Grab the book nearest you. Right now.

And, given my tenacious memory, I got a lot out of it that has remained with me all the rest of my life.

In Memory Yet Green, the autobiography of Isaac Asimov, 1920-1954

“I’m walking,” Talia said.

The Stepsister Scheme by Jim C. Hines

“Mr. Cooger’s ribs under his collapsed shirt were stone-rigid and his teeth under his clay lips were dry-ice cold.”

Something Wicked This Way Comes, Ray Bradbury

The Habr Gidr was insulted by the paltry sum being offered for its leader.

Black Hawk Down, Mark Bowden

whoops.

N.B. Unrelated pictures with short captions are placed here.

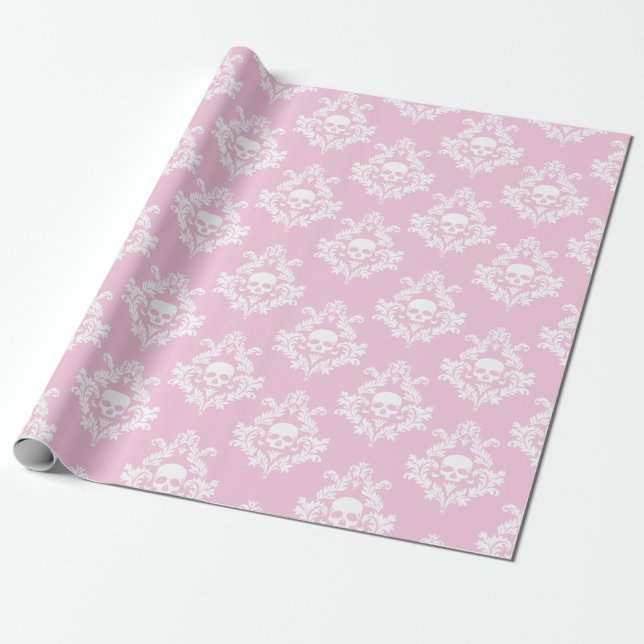 Cadeau Papier d'emballage Pastel rose et blanc pour crâne (Déroulé)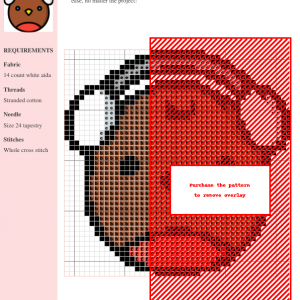Cross stitch pattern featuring a cute cartoon robin wearing headphones, in brown, red, white, and yellow.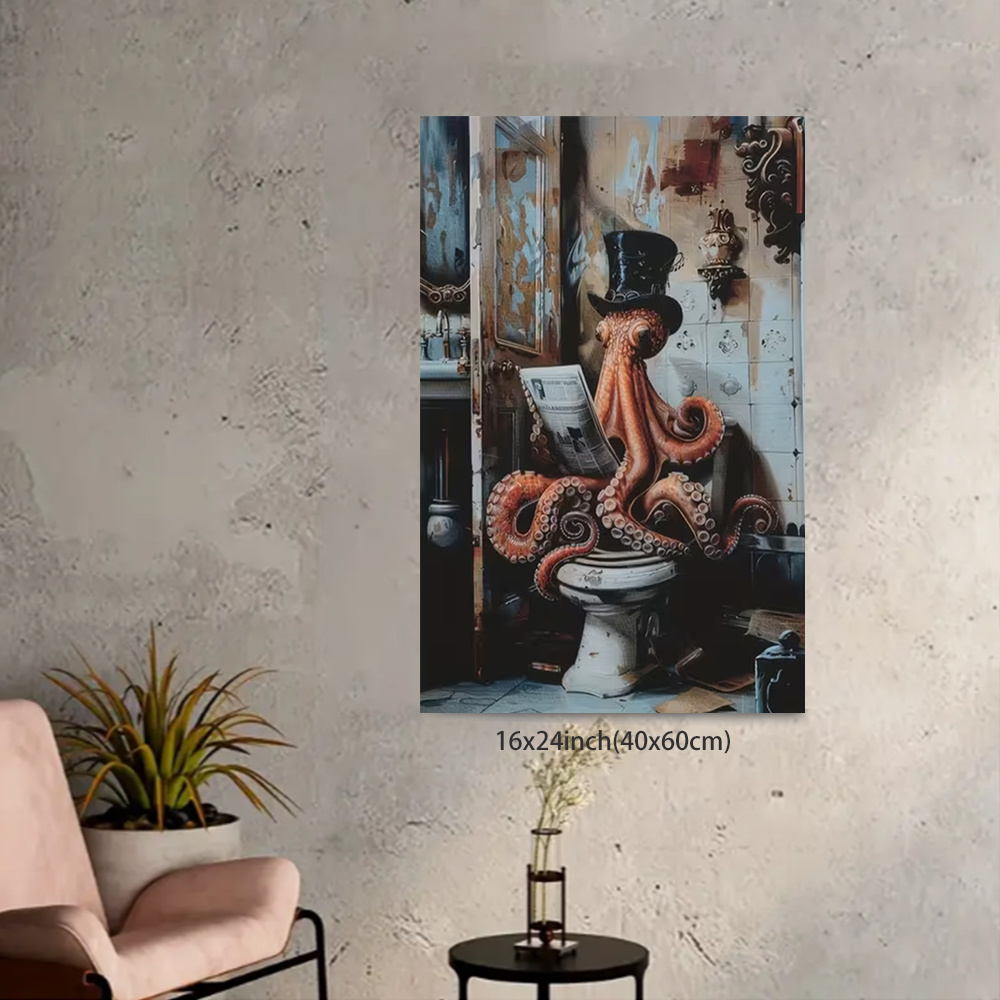 Framed 1pc Whimsical Victorian Octopus in Top Hat Sitting on Toilet, Gothic Canvas Art Print – Humorous Anthropomorphic Wall Decor for Home, Office, or Café, Octopus Bathroom Decor, 2D, Perfect for Room Decor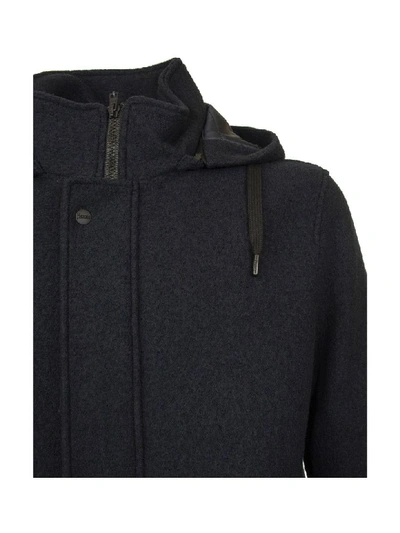 Shop Herno Wool Coat With Hood In Blue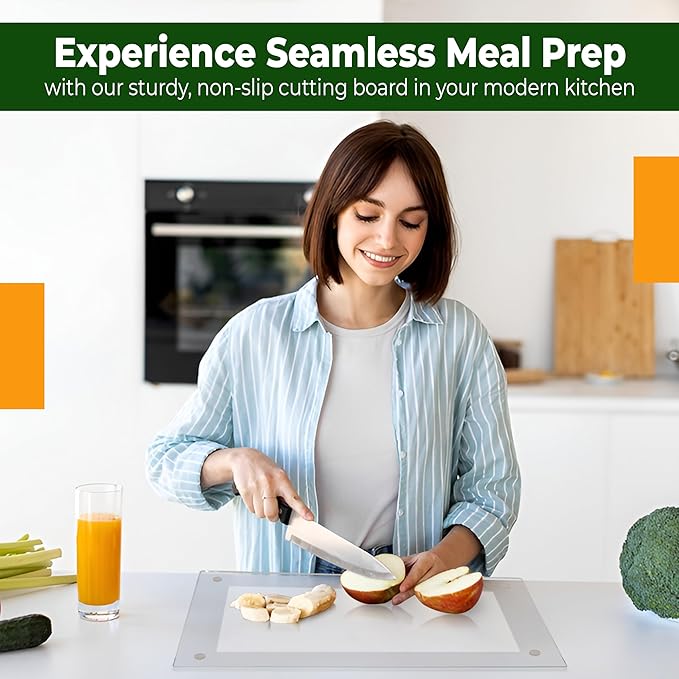 Acrylic Cutting Board with Counter Lip – Clear Cutting Board with Storage Hangers – Non-Slip Countertop Protector with Dual-Sided Tape – Textured Center for Extra Grip – Chopping Boards for Kitchen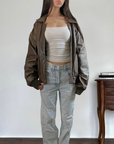 Mirage Leather Bomber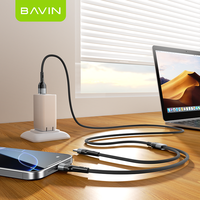 BAVIN Vente en gros OEM ODM CB378 PD 60W 2 en 1 2IN1 Type a Usb c Câble de données Usb pour téléphones Android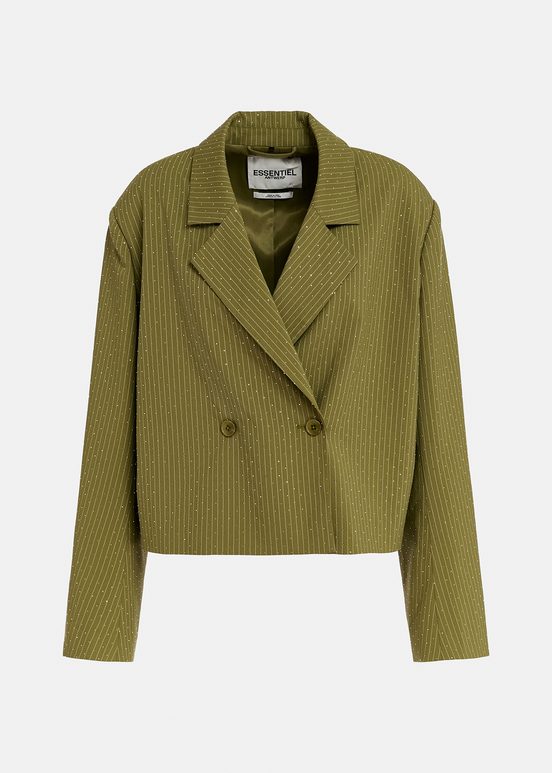 Khaki pinstriped cropped blazer with rhinestone embellishments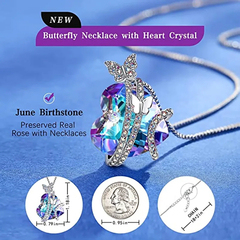 Exquisite Fashion Creative Multicolor Heart Shape Crystal Necklace Colorful Rhin - Show Drop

Wrong thread.

“In this unfamiliar way of reckoning intervals we symbolize the pas-
age of time by imagining passenger Brown hurtling along at the speed
of light.”
Einstein’s Universe, Nigel Calder

“She reached out to one side and caught Jiande’s hand, and squeezed it.”
The Madness Season, C. S. Friedman

when we meditate with the spirit of a smile, we awaken our capacity for uncoditional friendliness.

radical acceptance - embracing your life with the heart of a buddha, tara brach, phd

“His hostage, his conduit out of Zurich!”
The Bourne Identity, Robert Ludlum

“Moist crawled across the carpet, reached up, grabbed the arrow and ducked down again.” from Making Money, by Terry Pratchett.

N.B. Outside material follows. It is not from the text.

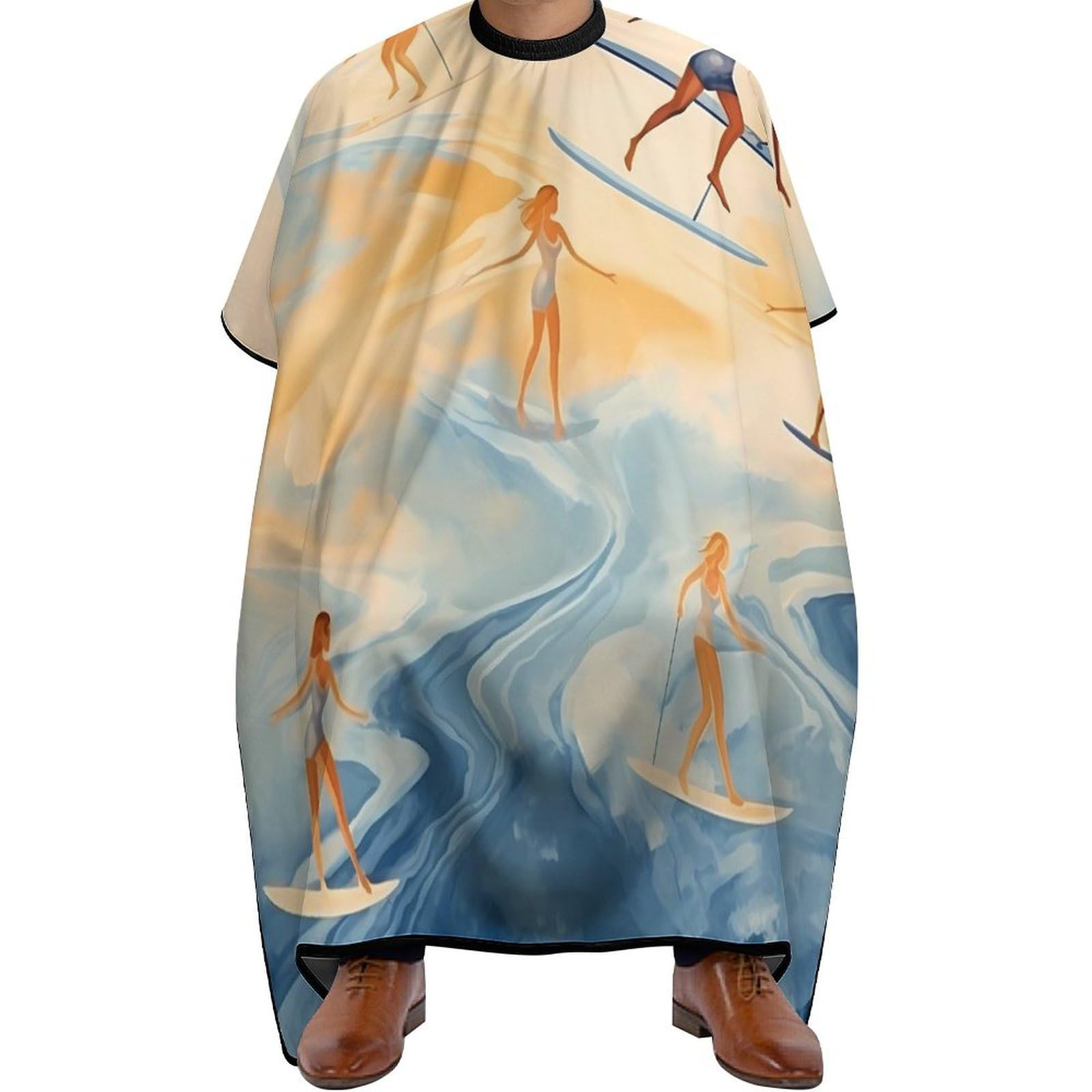 Watercolor Surfers Girl Hair Cutting Cape for Men Women Waterproof Barber Cape Adjustable Salon Haircut Capes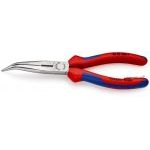 Knipex 26 22 200 T Snipe Nose Side Cutting Pliers (Stork Beak Pliers) With Multi-Component Grips Tethered - 200 mm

That was actually book number 3 - Così fan tutte, the closest book (score) doesn’t have eleven bars on page 111, let alone eleven sentences; Full Speed Through the Morning Dark, the next closest, doesn’t have 111 pages…

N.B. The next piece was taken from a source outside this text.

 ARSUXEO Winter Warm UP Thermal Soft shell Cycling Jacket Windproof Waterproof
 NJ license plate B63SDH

The Vinegar Bible, published in Oxford in 1717, was so named because the parable of the vineyard was given as “the parable of the vinegar” in Luke 20.

  • Salisbury & Sujo, Provenance: How a Con Man and a Forger Rewrote the History of Modern Art (Penguin)
    There are not 11 complete sentences in the body text of p. 111; the above is from a footnote.

The closest book to me is Overstreet Comic Price Guide (1991-2 edition) Page 111 has no real sentences on it as the page is basically a list of things with prices so … the second closest book is Ingersoll’s Theory of Financial Decision Making. 11th sentence of page 111 is

That is, V[sub]1[/sub] > 0, and the investors’ optimal portfolios are on the upper limb of the locus of minimum variance portfolios.

The 22 Immutable Laws of Marketing by Al Ries and Jack Trout

11th sentence on page 111:

Funny since the writers are referring to the Japanese. Hehehe.

You want to win, don’t you?

LOOKS- Madeleine George

My daughter asked me to walk to BAM with her to get it for her last week.

Kobal2 beat me to it - the second closest book does not have eleven sentences on p. 111, so I’ll quote the last complete sentence:

“The night was as black as a night could be, warm velvet black with no stars at all; he could detect the ship’s motion by her urgent heave and thrust, and living vibration of the wood under his hand, and the creak of the blocks, cordage and canvas overhead, but never a sail nor a rope could he see, nor even the steps in front of his nose as he crept up.”

Patrick O’Brian loves commas just as much as Stephenson does and throws in some affection for the often insufficiently appreciated semicolon as well.

Quicksilver is my current read-on the-commute-and-during-lunch-book and The Far Side of the World is my backup-read-on the-commute-and-during-lunch-book.

“Whosoever knowingly introduces, or manufactures for introduction, into interstate commerce, or transports or distributes in interstate commerce, any switchblade knife, shall be fined not more than $2,000 for imprisoned not more than five years, or both.” - 15 USC section 1244.

Customs Law Handbook

It is also used in journalistic and technical material and in academic work of a technical or statistical nature.

*The Gregg Reference Manual *(Ninth Edition), William A. Sabin.

I was light to carry.

“The Water-Method Man,” John Irving

“Does automatic enrollment merely overcome workers’ inertia, helping them make the choice they would actually prefer?”

-* Nudge - Improving Decisions About Health, Wealth, and Happiness*, Richard H. Thaler and Cass R. Sunstein.

“Pete, here, is a wise man,” Barnes said confidentially.

Robert Heinlein, Columbus Was a Dope, from 50 Short Science Fiction Tales.